#### The data
++++++++++

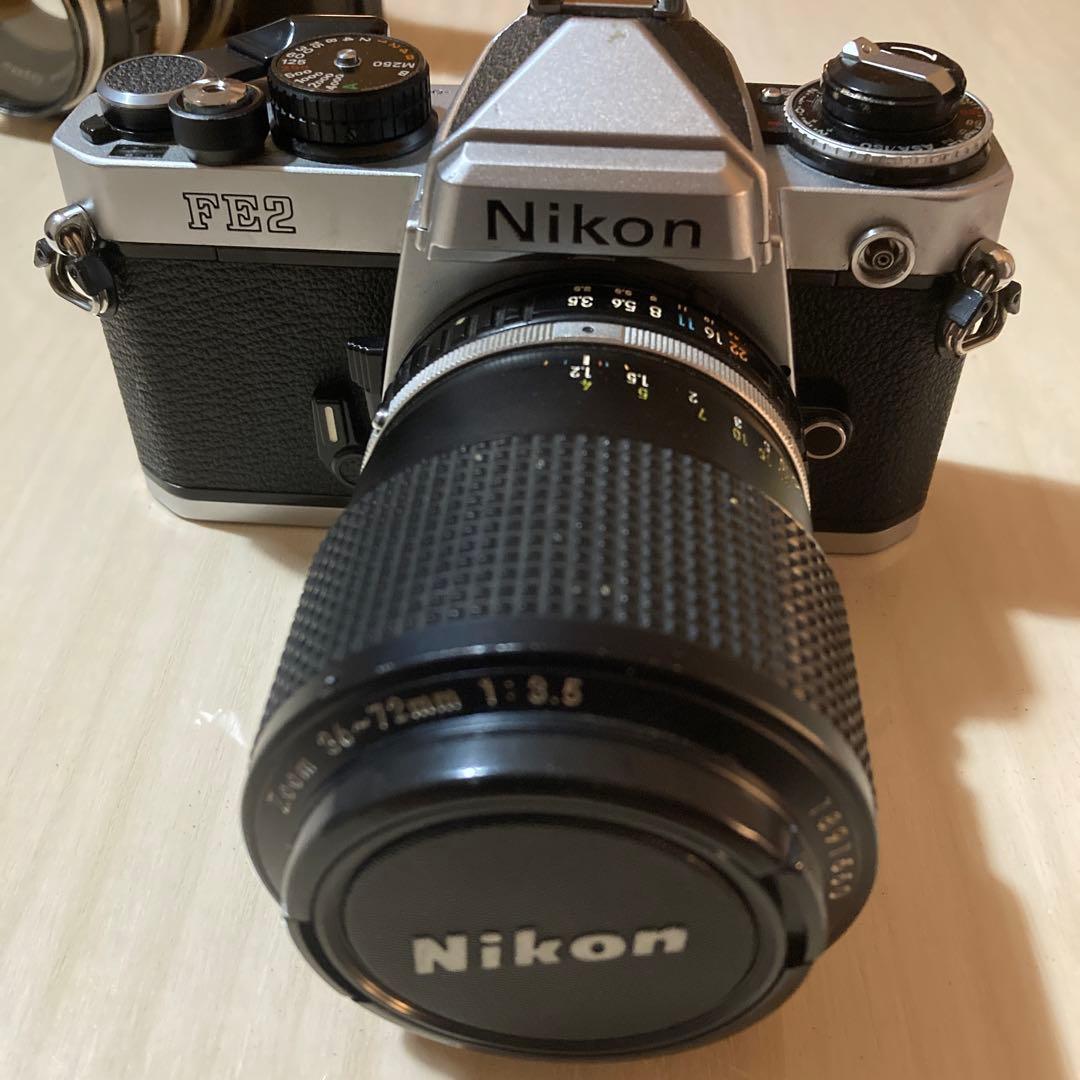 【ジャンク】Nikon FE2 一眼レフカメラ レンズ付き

++++++++++

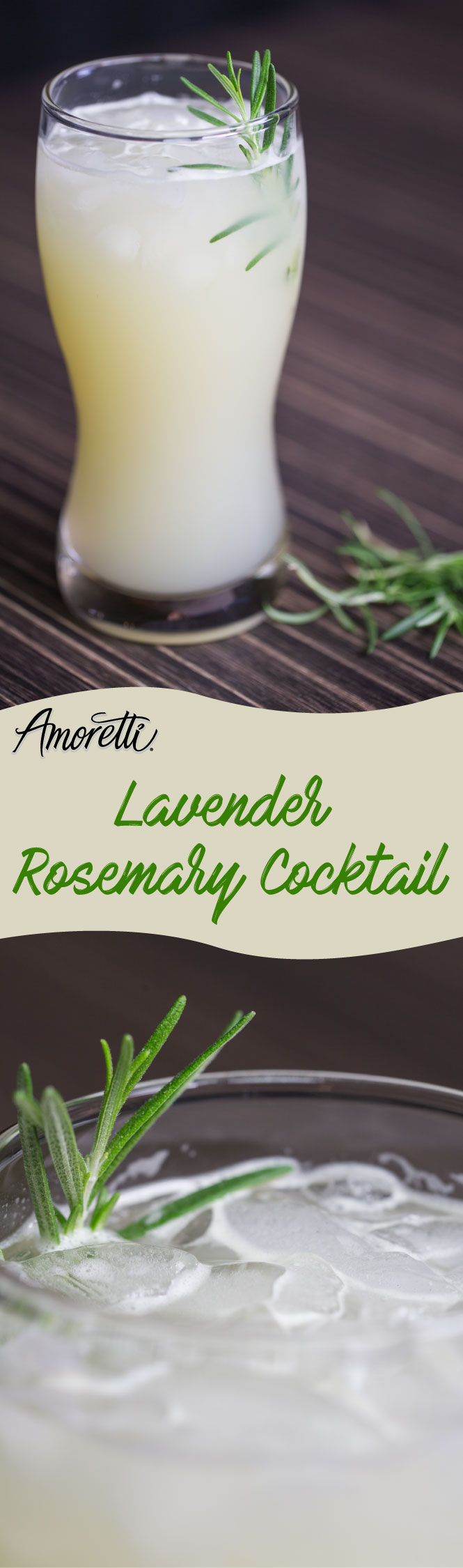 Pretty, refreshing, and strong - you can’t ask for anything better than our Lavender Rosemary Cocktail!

++++++++++

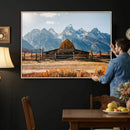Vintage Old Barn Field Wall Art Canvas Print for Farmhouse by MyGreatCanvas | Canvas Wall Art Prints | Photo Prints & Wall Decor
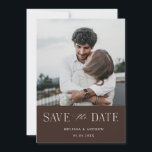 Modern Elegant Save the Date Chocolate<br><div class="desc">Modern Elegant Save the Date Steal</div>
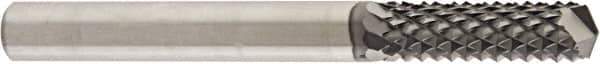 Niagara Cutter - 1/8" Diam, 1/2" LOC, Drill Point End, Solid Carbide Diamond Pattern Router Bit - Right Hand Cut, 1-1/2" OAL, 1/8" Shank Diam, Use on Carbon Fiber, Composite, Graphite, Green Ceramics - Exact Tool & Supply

++++++++++

#### Work instructions
Transcribe, word for word, the lines of the listing above from the one that contains "Modern Elegant Save the Date Chocolate<br><div" through the one that contains "Tool & Supply", keeping both ends and dropping the pictures.

#### Answer to this exercise
 Modern Elegant Save the Date Chocolate<br><div class="desc">Modern Elegant Save the Date Steal</div>
 Niagara Cutter - 1/8" Diam, 1/2" LOC, Drill Point End, Solid Carbide Diamond Pattern Router Bit - Right Hand Cut, 1-1/2" OAL, 1/8" Shank Diam, Use on Carbon Fiber, Composite, Graphite, Green Ceramics - Exact Tool & Supply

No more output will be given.